Totalement confiante. La réaction courageuse des jeunes, des femmes et de nombreux Tunisiens face à la tentation totalitaire donne de l'espoir. Les Tunisiens se battent et continueront le combat afin de faire aboutir les aspirations pour lesquelles ils se sont soulevés contre la tyrannie. Ils ont fait la révolution pour la liberté, la dignité et le travail. Je reste engagée dans le combat pour l'instauration d'un projet de société de progrès, de liberté, de démocratie et de respect de la dignité humaine et pour une société plurielle qui assume pleinement ses différences d'opinions, de conscience. Une société où on gère de manière non violente les conflits. Les jeunes Tunisiens se sont sacrifiés pour un monde meilleur, un monde où on peut voir des fleurs partout, danser lorsqu'on en a envie, rire quand on veut, lire ce qu'on a envie de lire et réfléchir et avoir des avis sur toutes les questions en toutes liberté. Celui qui veut faire la prière est libre de la faire, tout comme celui qui a envie de boire du vin. Qu'on libère la société des tous les tabous qu'on lui a imposés ; que les gens puissent enfin respirer la liberté. Leur projet à eux (les islamistes), c'est le déni de la liberté et de la démocratie.
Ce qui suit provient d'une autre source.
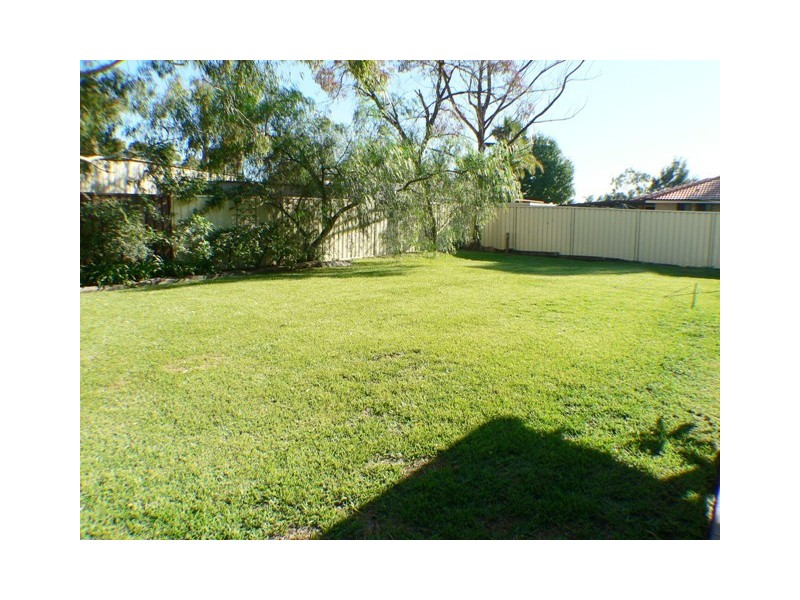 3  Napunyah Way, St Clair NSW 2759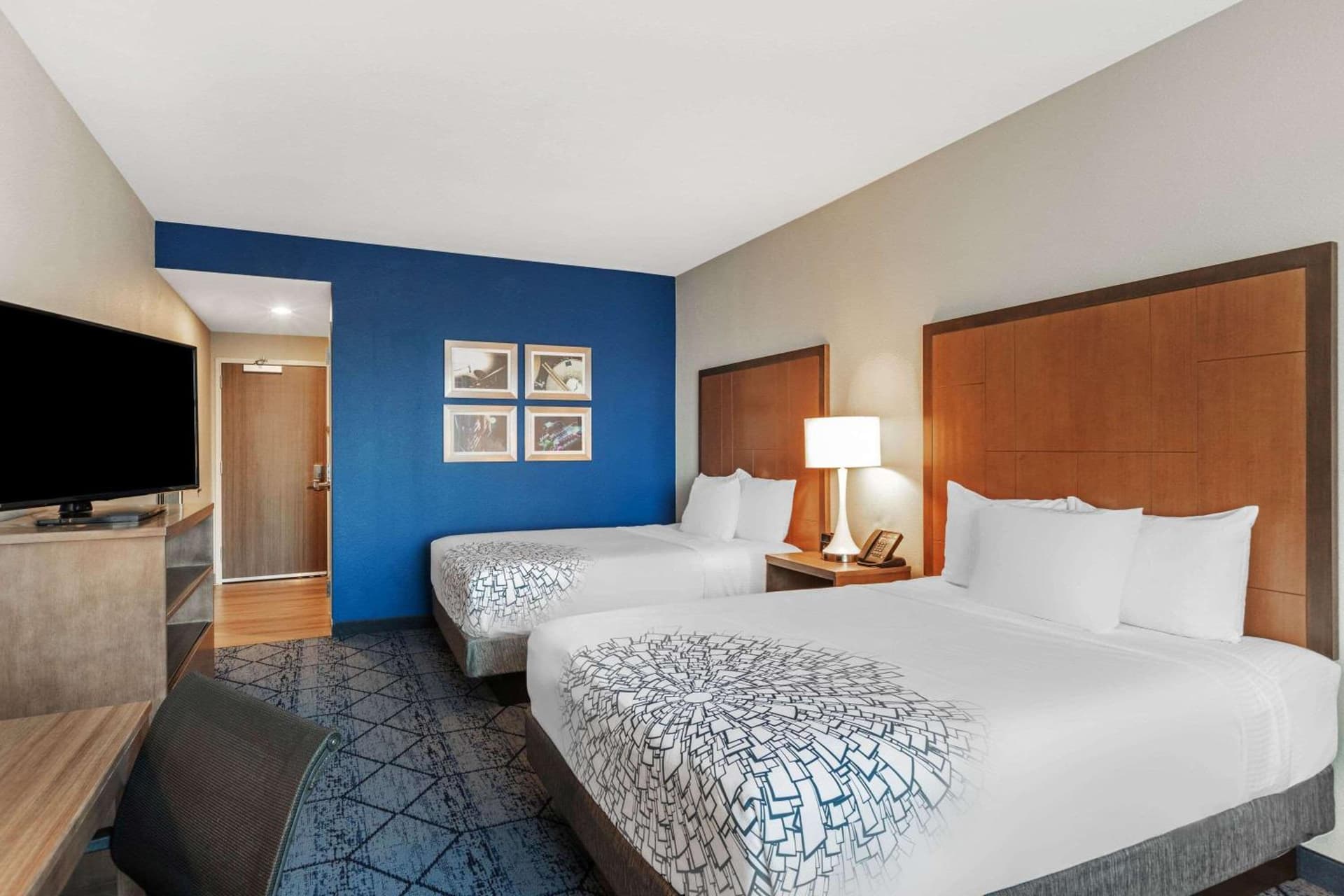 La Quinta Inn & Suites by Wyndham Kansas City Beacon Hill gallery photo in Kansas City, MO — image 19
Contente-toi de ce que tu as et ne t'insurge pas contre le gouvernant. Il milite pour une société morte. Ce projet nous le combattrons comme nous avons combattu la dictature. En Tunisie, nous sommes face à un dilemme : soit nous voulons une société qui avance ou bien une société qui recule renfermée sur elle-même.

- Le jour de l'enterrement de Chokri Belaïd, le monde entier a découvert une femme courageuse à la tête du cortège funèbre, qui a dit qu'elle n'a pas le droit d'être triste et de faire le deuil, mais de résister !
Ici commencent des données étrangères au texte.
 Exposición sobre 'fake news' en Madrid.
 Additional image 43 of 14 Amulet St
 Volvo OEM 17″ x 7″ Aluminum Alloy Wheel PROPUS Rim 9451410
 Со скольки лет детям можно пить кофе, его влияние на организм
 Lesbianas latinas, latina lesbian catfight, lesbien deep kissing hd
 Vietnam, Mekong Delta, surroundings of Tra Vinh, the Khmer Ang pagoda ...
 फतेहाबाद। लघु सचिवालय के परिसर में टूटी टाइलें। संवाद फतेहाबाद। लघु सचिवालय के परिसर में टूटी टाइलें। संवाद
J'ai des origines algériennes. Je viens de la région d'El Kef et ma mère à des origines algériennes. J'ai des ancêtres algériens. La femme algérienne, elle est en moi tout comme la femme palestinienne. C'est notre culture et notre background. L'image d'une femme qui doit continuer à résister quelle que soit la dureté des conditions. Chokri était un grand homme, un résistant. Il mérite que je marche, même pieds, nus sur les braises pour maintenir la flamme de la liberté.

                                            Bio Express

Née le 20 août 1970 dans la région de Kef, Basma Khalfaoui rencontre son compagnon, Chokri Belaïd, à son retour d'Irak, en 1998. Ensemble, ils quittent Tunis pour Paris où ils se marient en 2002 «à la française». Elle rentre au pays en 2006, une année après le retour de Chokri qui est déjà fortement impliqué dans le combat contre la dictature. Depuis l'assassinat de son compagnon, elle se radicalise. Elle compte créer «la fondation Chokri-Belaïd contre la violence».